BEGIN Entries supplied

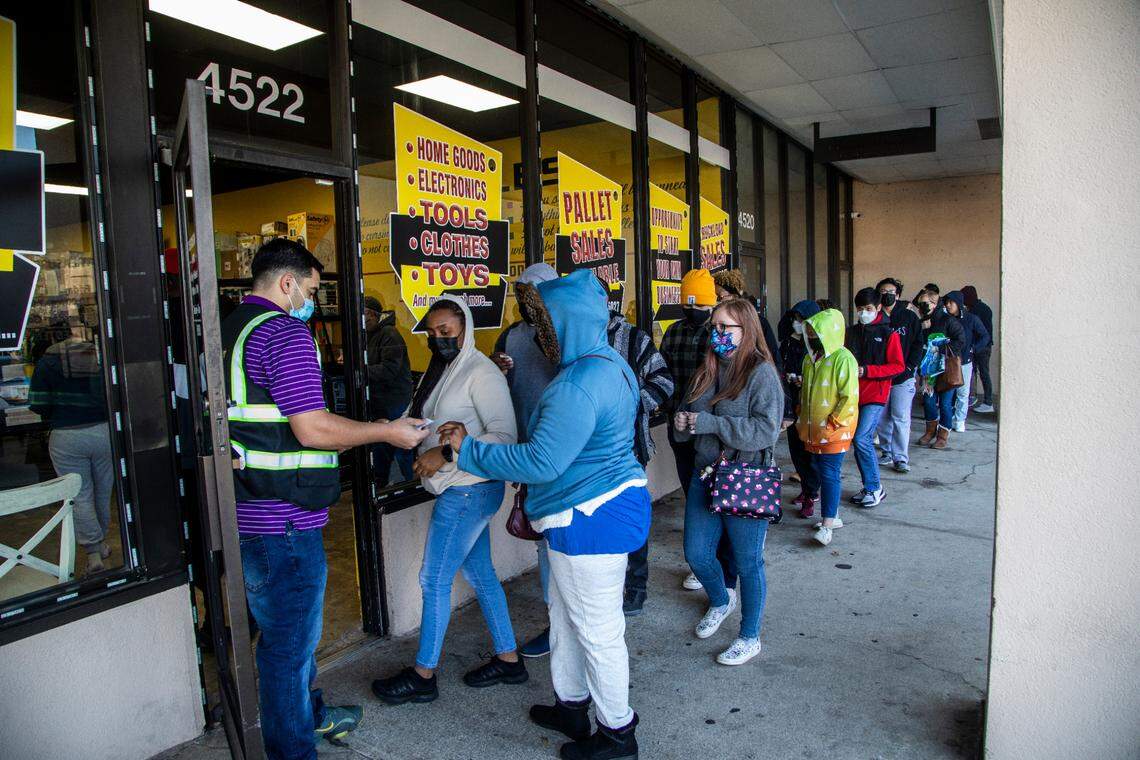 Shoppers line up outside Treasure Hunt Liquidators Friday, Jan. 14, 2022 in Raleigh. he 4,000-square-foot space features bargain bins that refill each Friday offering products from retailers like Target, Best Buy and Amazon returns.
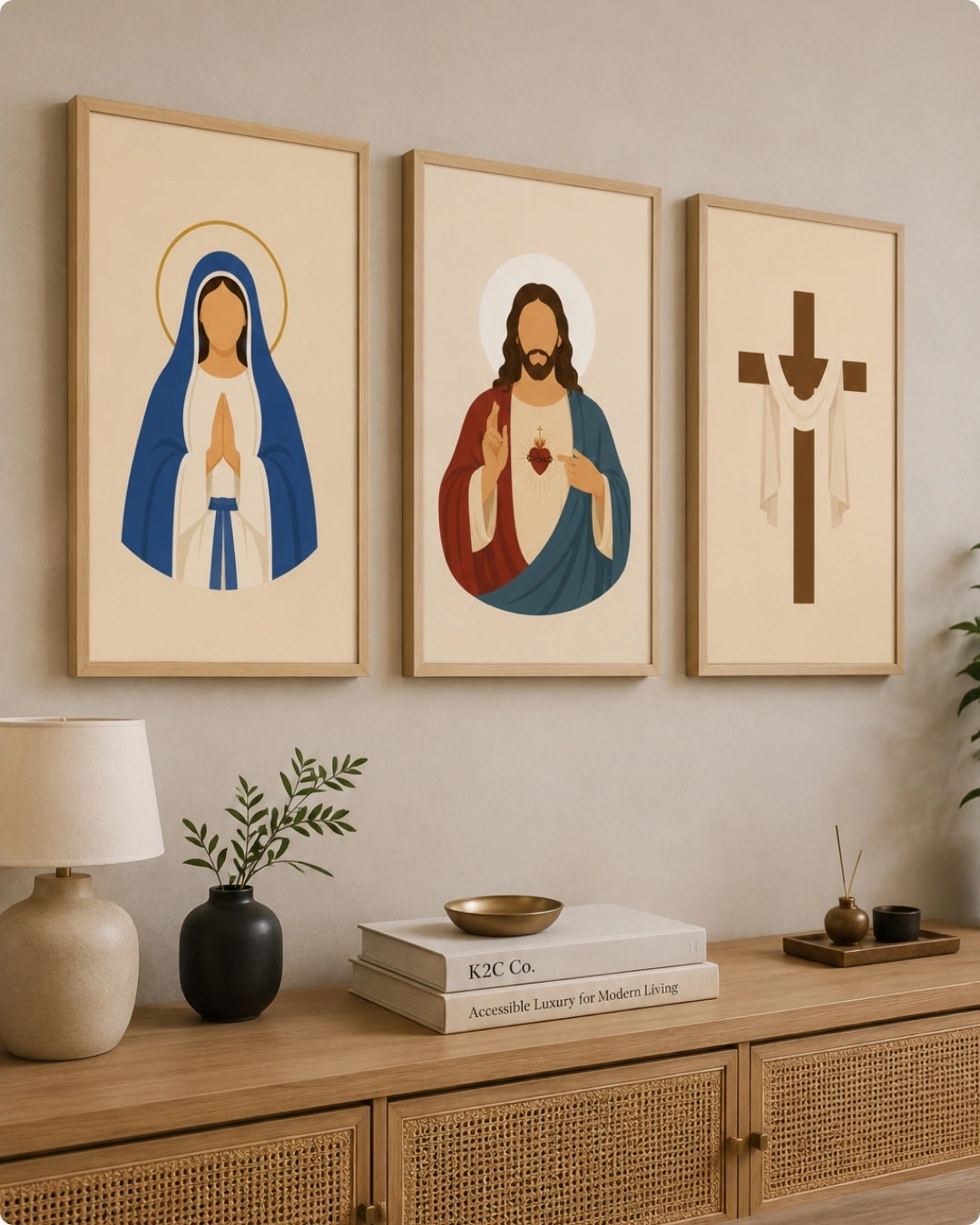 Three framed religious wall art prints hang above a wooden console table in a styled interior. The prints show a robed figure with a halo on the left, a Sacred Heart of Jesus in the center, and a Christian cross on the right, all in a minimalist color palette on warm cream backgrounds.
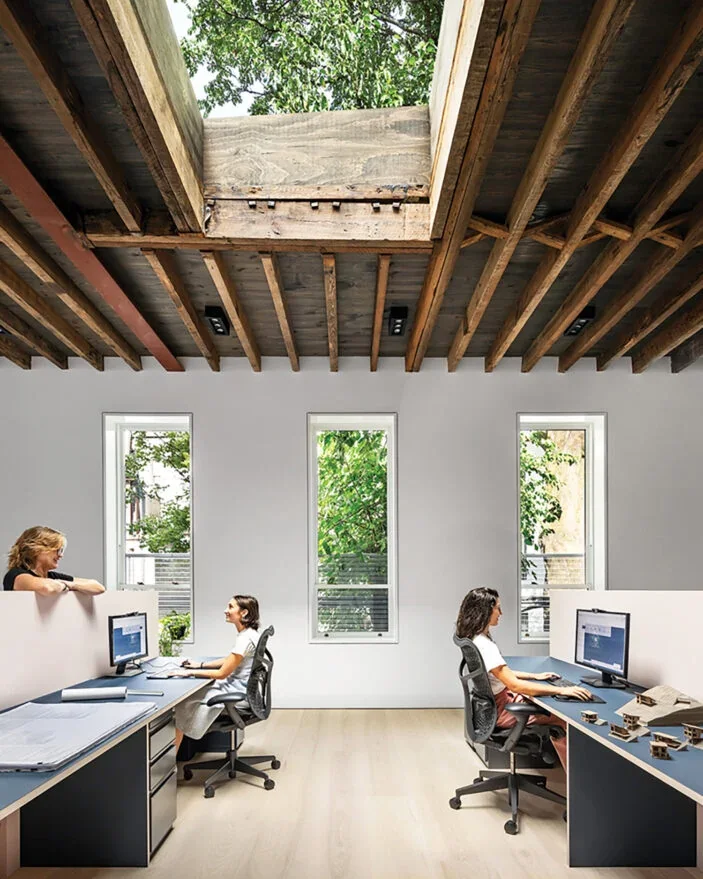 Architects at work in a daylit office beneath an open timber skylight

END Entries supplied
BEGIN Entries supplied

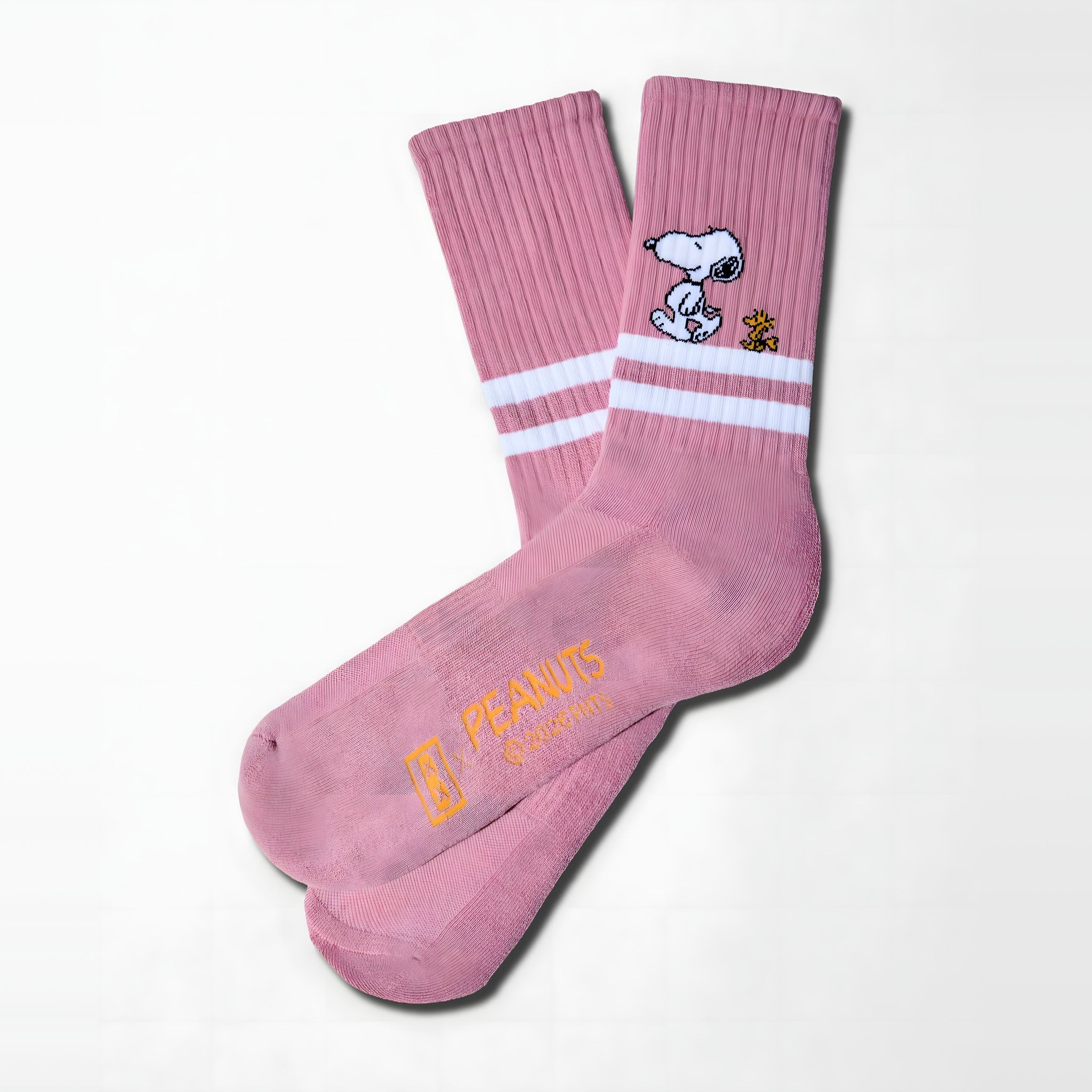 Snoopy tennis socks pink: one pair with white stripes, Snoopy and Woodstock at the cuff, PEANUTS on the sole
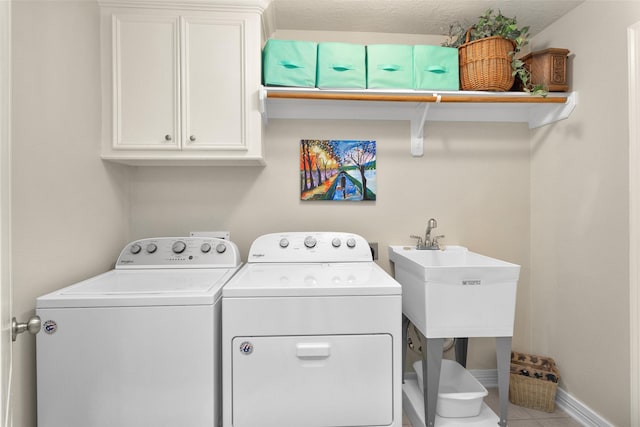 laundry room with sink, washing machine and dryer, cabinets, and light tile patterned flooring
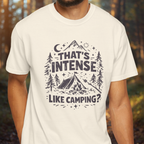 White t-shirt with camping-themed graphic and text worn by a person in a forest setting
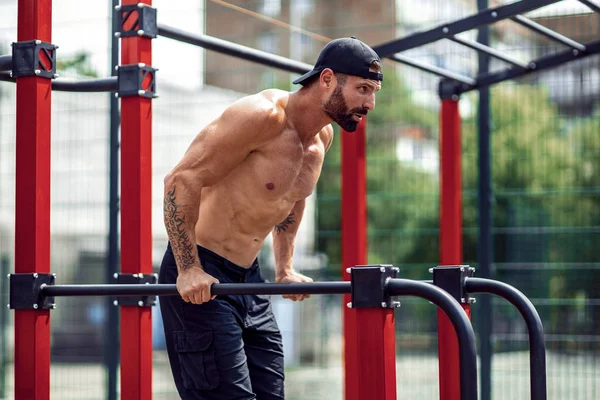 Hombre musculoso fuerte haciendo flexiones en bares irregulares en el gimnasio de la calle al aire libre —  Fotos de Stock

END Entries supplied

# What you have to do
Starting at the line that contains "Snoopy tennis socks" and ending at the line that contains "Hombre musculoso fuerte", transcribe the material above exactly, excluding pictures.

# Answer section
 Snoopy tennis socks pink: one pair with white stripes, Snoopy and Woodstock at the cuff, PEANUTS on the sole
 laundry room with sink, washing machine and dryer, cabinets, and light tile patterned flooring
 White t-shirt with camping-themed graphic and text worn by a person in a forest setting
 Hombre musculoso fuerte haciendo flexiones en bares irregulares en el gimnasio de la calle al aire libre —  Fotos de Stock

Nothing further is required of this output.